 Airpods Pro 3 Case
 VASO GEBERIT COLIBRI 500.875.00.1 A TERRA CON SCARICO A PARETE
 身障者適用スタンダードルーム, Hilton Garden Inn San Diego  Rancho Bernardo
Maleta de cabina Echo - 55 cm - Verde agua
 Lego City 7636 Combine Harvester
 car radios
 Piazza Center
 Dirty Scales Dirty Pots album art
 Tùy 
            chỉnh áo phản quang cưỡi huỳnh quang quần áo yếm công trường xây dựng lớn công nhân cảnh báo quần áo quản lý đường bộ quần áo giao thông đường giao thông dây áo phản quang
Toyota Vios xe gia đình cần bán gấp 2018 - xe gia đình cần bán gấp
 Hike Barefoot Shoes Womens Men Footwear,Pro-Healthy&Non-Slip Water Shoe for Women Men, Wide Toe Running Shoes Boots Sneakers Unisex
^^^^^^^^^^^^^^^^
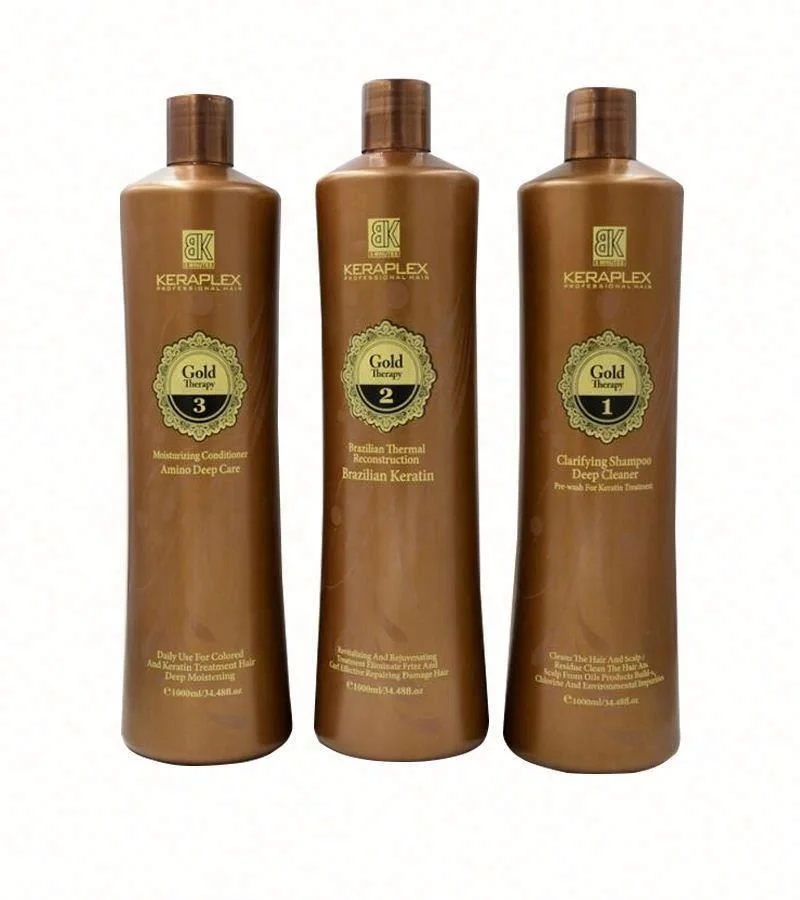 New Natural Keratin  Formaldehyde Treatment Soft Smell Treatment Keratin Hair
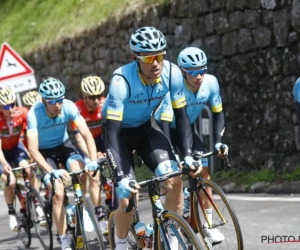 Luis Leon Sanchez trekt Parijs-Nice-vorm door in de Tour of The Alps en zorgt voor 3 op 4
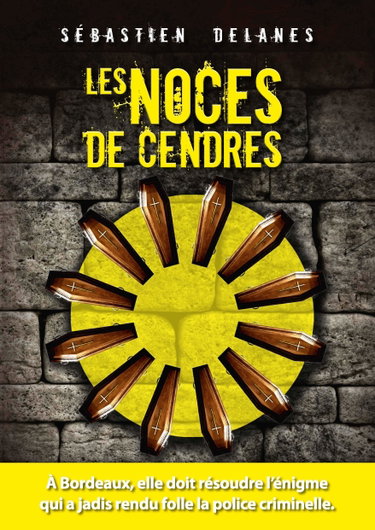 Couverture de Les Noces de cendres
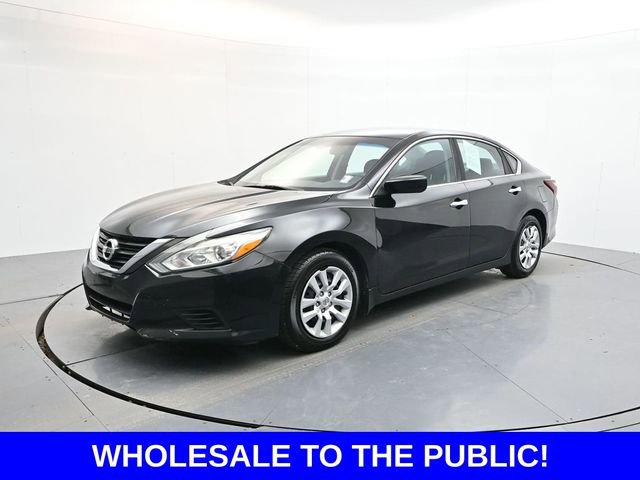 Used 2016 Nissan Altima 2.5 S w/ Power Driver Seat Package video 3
^^^^^^^^^^^^^^^^
Print from the line containing "Couverture de Les Noces de cendres" through the line containing "Used 2016 Nissan" in the data above, exactly as the lines stand, and omit every picture.

■ **PROBLEM SOLUTION**
 Couverture de Les Noces de cendres
 Used 2016 Nissan Altima 2.5 S w/ Power Driver Seat Package video 3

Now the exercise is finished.